Dataset entries
_ _ _ _ _ _ _
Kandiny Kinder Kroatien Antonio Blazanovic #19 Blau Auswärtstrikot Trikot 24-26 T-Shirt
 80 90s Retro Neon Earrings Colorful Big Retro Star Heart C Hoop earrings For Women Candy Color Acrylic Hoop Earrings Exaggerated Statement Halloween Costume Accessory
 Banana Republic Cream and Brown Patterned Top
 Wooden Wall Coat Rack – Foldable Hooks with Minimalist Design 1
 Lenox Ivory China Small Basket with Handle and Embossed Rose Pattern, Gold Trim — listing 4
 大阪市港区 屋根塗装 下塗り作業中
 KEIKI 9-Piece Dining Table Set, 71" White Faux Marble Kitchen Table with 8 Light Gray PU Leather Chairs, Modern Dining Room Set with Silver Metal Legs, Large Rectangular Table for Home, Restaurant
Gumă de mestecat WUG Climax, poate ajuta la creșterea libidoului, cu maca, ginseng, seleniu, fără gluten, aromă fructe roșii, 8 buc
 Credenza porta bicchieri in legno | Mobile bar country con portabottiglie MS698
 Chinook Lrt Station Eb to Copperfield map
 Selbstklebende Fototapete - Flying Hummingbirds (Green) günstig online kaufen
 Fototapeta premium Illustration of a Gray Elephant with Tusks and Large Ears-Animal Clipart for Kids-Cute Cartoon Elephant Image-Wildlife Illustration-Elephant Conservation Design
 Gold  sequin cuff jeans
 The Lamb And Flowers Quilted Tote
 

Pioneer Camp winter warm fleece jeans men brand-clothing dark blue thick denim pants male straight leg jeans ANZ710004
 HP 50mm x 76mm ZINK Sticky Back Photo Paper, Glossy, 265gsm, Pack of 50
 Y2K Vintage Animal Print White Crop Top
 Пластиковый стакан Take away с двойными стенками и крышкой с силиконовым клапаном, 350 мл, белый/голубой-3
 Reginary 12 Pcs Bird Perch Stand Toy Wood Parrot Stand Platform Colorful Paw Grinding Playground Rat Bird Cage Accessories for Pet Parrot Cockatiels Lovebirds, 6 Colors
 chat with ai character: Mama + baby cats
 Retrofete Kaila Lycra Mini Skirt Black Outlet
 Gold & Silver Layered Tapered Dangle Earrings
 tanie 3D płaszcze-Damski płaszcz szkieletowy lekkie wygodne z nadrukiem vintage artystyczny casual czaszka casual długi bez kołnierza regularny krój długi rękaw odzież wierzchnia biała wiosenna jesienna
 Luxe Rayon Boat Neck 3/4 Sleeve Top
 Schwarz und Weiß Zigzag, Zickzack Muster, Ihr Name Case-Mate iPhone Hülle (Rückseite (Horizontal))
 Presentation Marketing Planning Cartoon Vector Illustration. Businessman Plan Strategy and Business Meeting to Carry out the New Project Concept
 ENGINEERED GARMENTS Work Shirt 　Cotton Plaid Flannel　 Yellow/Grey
_ _ _ _ _ _ _
» **ABOUT THIS EXERCISE**:
Write out each line above that contains the word "Large".

» **SOLVED PROBLEM**:
 KEIKI 9-Piece Dining Table Set, 71" White Faux Marble Kitchen Table with 8 Light Gray PU Leather Chairs, Modern Dining Room Set with Silver Metal Legs, Large Rectangular Table for Home, Restaurant
 Fototapeta premium Illustration of a Gray Elephant with Tusks and Large Ears-Animal Clipart for Kids-Cute Cartoon Elephant Image-Wildlife Illustration-Elephant Conservation Design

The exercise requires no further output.